[Data shown — start]

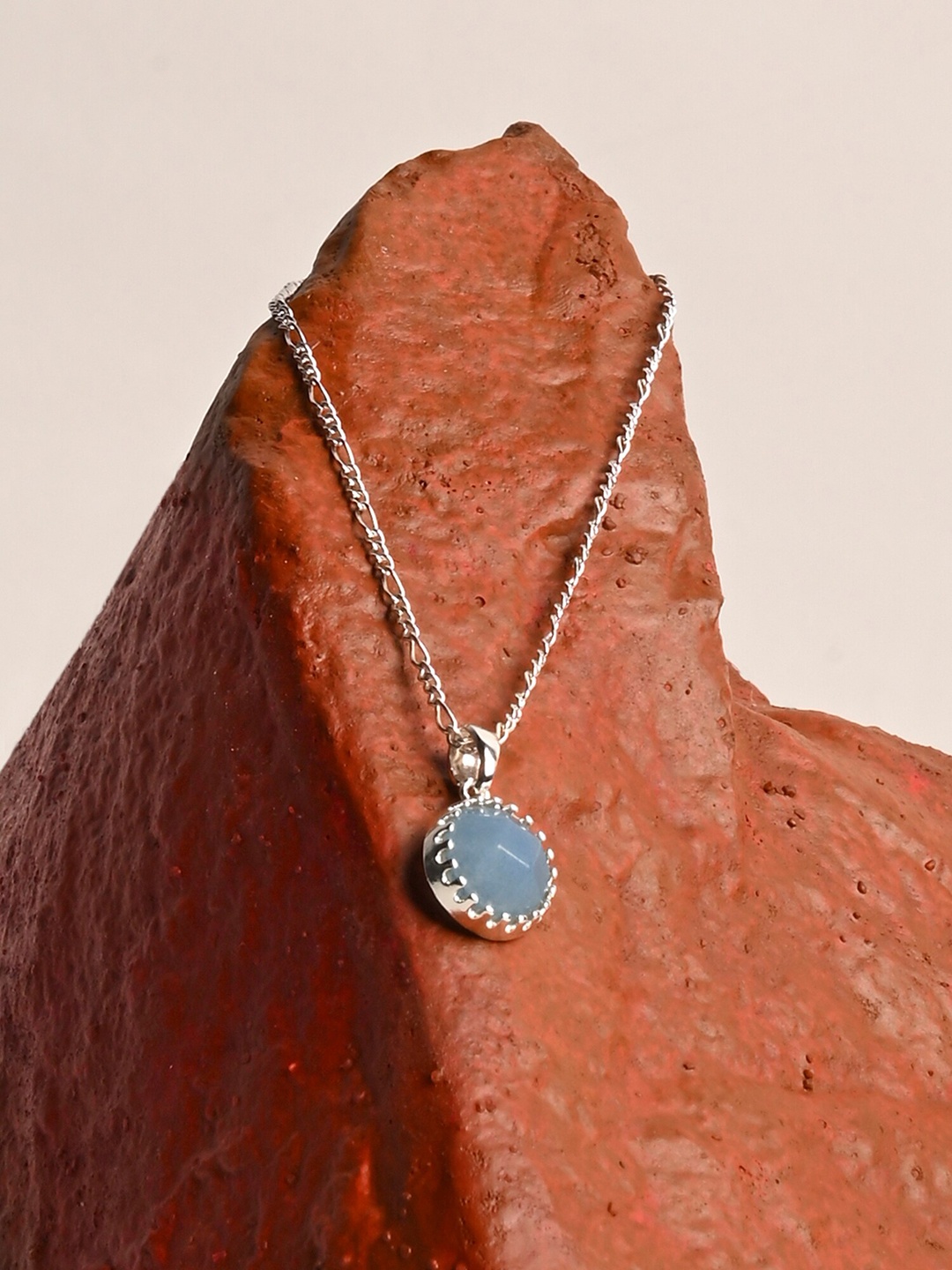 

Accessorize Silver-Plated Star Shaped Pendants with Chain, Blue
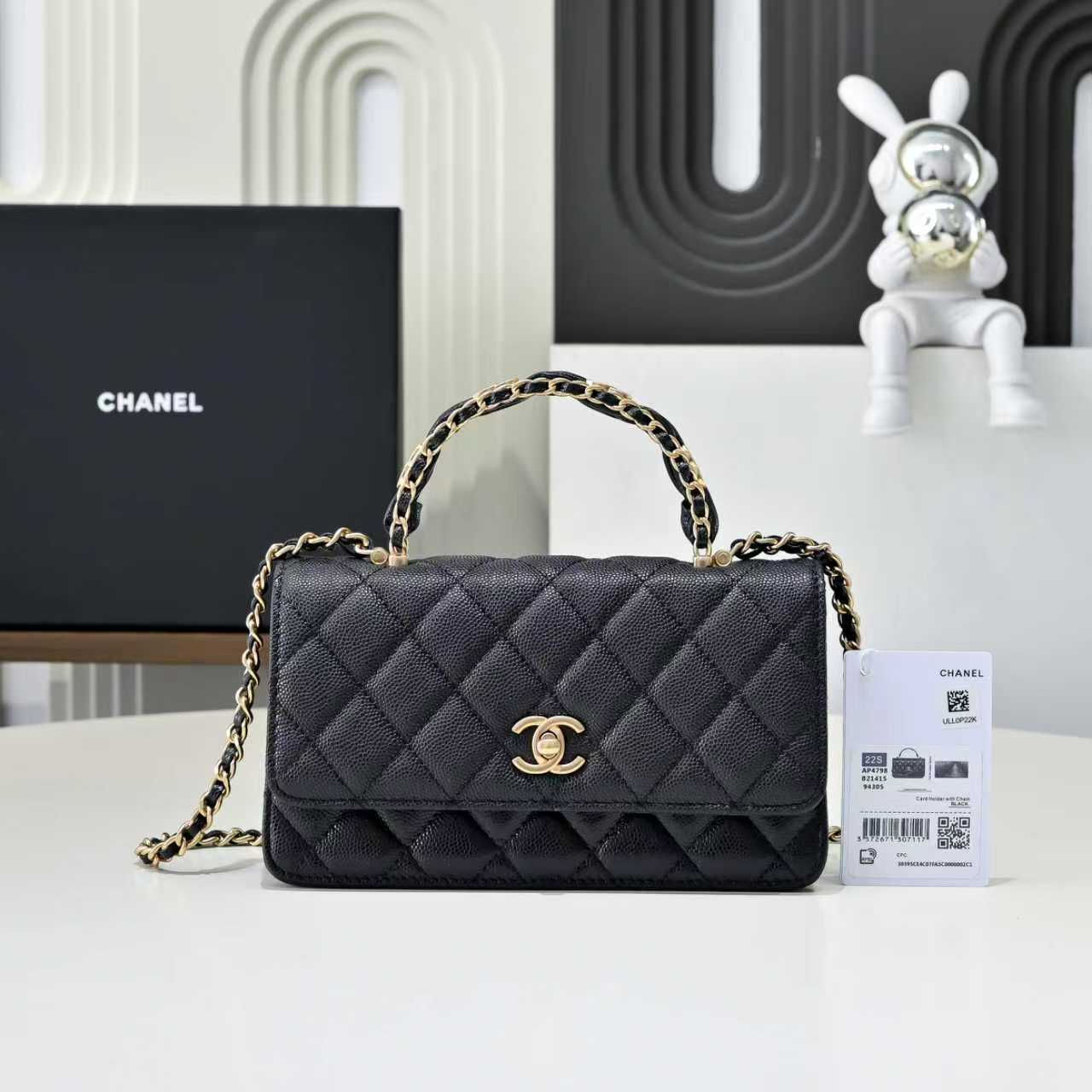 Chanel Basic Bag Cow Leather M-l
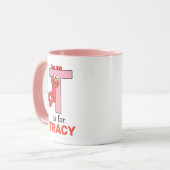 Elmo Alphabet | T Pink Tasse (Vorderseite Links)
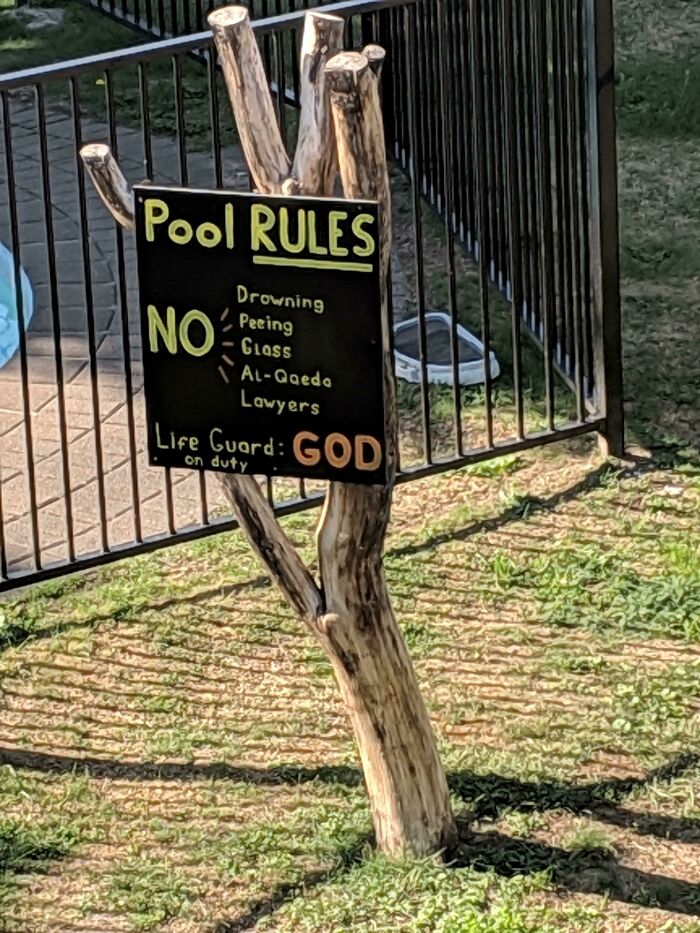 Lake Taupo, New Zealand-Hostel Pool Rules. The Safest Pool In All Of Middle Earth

[Data shown — finish]

● Aim of the task
When you repeat the lines above, keep them exact and leave out each image they contain.

● Response for this exercise
Accessorize Silver-Plated Star Shaped Pendants with Chain, Blue
 Chanel Basic Bag Cow Leather M-l
 Elmo Alphabet | T Pink Tasse (Vorderseite Links)
 Lake Taupo, New Zealand-Hostel Pool Rules. The Safest Pool In All Of Middle Earth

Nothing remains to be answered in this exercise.